_The data:_
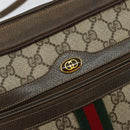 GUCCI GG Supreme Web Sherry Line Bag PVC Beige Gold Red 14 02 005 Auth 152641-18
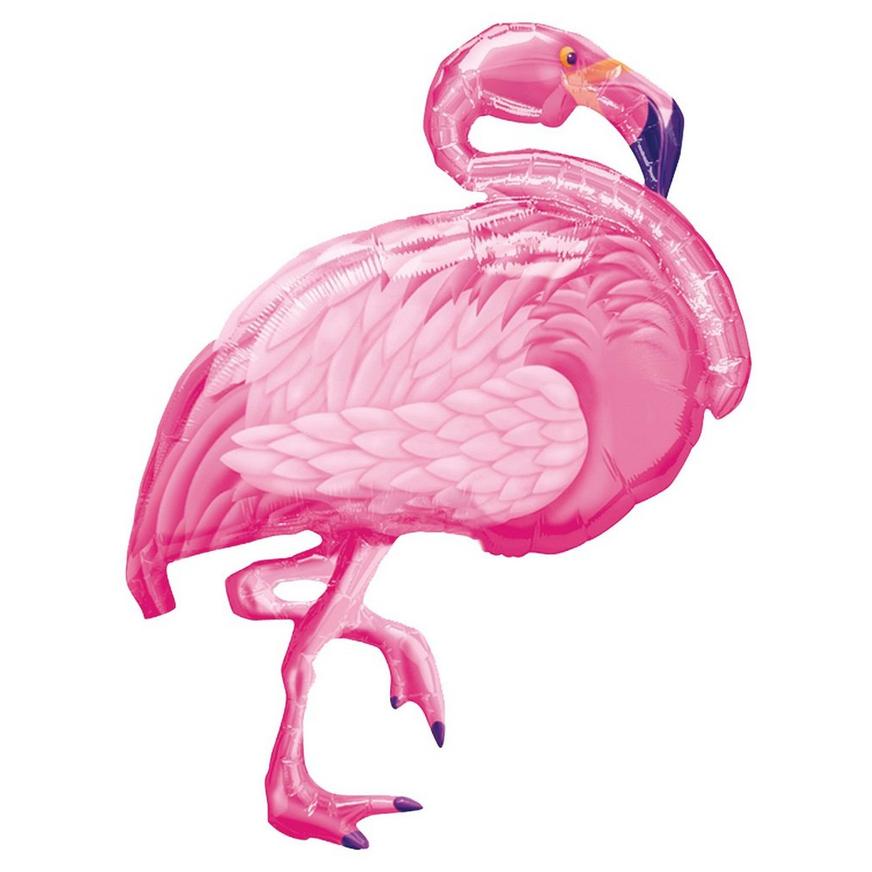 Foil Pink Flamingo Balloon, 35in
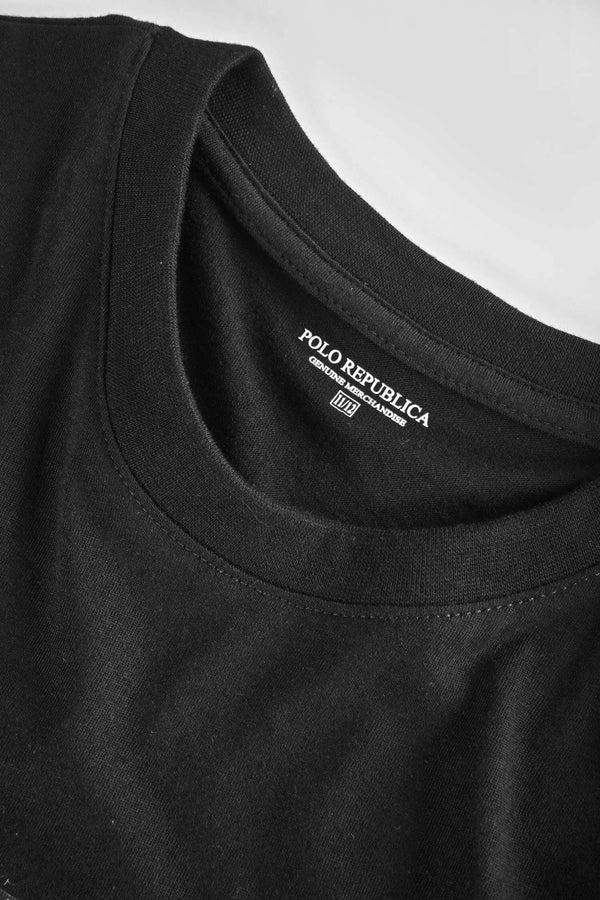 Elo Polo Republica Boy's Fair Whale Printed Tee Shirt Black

_Task prompt:_
A verbatim copy of the listing, with all pictures removed, is required.

_Your solution:_
 GUCCI GG Supreme Web Sherry Line Bag PVC Beige Gold Red 14 02 005 Auth 152641-18
 Foil Pink Flamingo Balloon, 35in
 Elo Polo Republica Boy's Fair Whale Printed Tee Shirt Black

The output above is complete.